» **Problem statement**
Leave out the images and return all the data word for word.

» **Provided data**

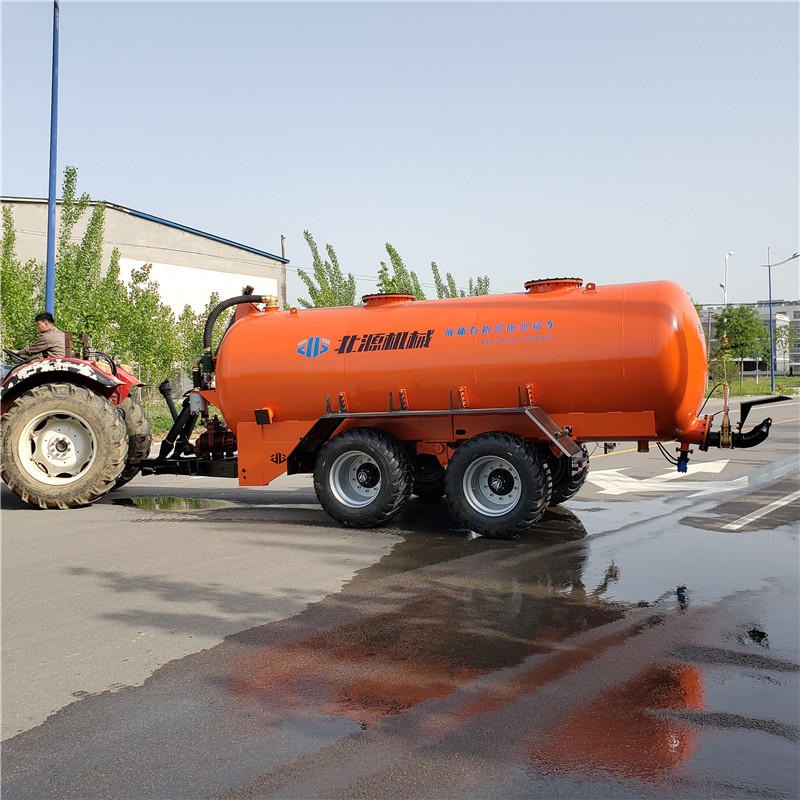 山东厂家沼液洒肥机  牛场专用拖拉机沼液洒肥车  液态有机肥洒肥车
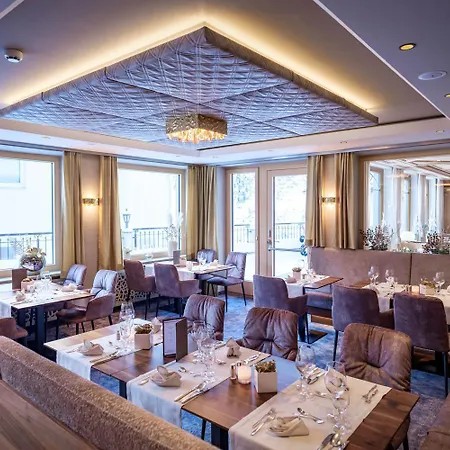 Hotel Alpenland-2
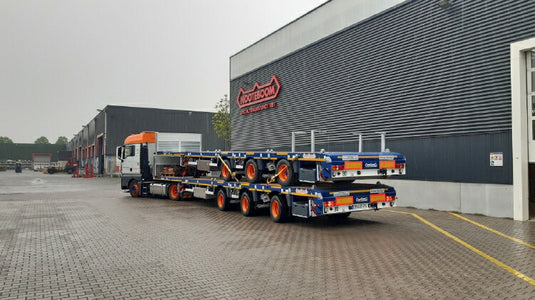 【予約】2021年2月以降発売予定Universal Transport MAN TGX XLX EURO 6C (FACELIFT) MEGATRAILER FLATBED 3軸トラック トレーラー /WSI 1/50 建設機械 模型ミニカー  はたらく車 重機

» **Response box**
 山东厂家沼液洒肥机  牛场专用拖拉机沼液洒肥车  液态有机肥洒肥车
 Hotel Alpenland-2
 【予約】2021年2月以降発売予定Universal Transport MAN TGX XLX EURO 6C (FACELIFT) MEGATRAILER FLATBED 3軸トラック トレーラー /WSI 1/50 建設機械 模型ミニカー  はたらく車 重機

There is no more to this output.